Comment tracer le portrait d’un sport qui requiert un détachement de tout affect, une sensibilité proprioceptive imperturbable et un désir inconditionnel d’aspirer à la sérénité? Est-ce qu’un adepte du yoga se méfie de la commercialisation de sa discipline par crainte d’entorse aux racines de son art? Peut-être. Mais il existe forcément un compromis permettant une approche de cet art sans trop agiter les mœurs. L’escalade préconisant un équilibre parfait entre sérénité et concentration, il serait dommage de faire autant de tapage.

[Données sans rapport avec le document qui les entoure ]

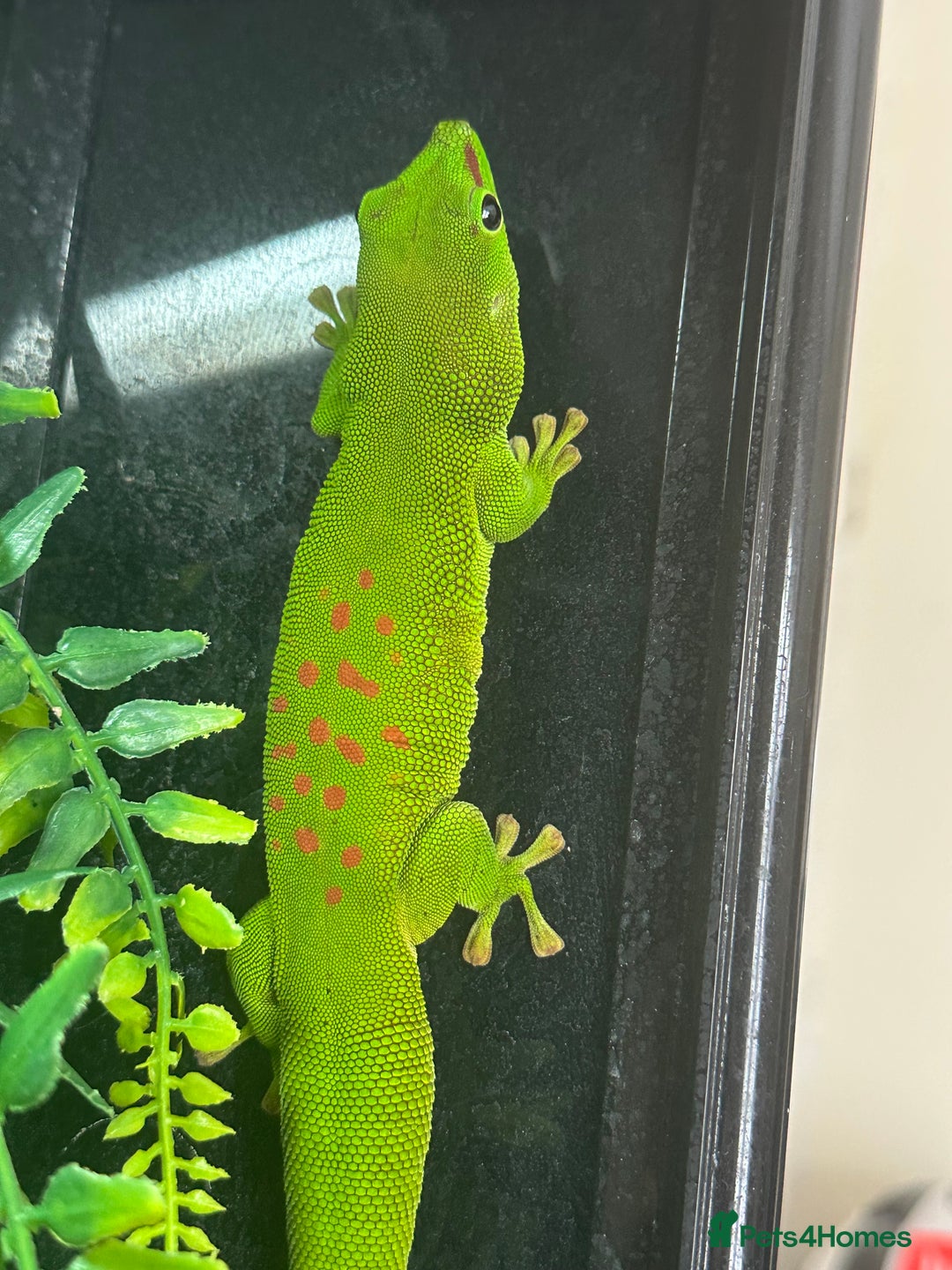 Gecko reptiles for sale: Giant Madagascan Day Gecko - Image 3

Constatez par vous-même la prémisse de cette réflexion. Je me prenais dans mes propres filets. Voici ce que je tentais d’exprimer par cet air de panique : quelle est l’intention derrière un tel exercice de style? Posée aussi calmement, la réponse se clarifie : le partage. Le partage d’une histoire, le partage d’une expérience et avant tout, le partage de valeurs. Alors, comme si on déplaçait délicatement une pierre pour entrevoir l’ours qui hiberne, levons le voile sur un instant de paix.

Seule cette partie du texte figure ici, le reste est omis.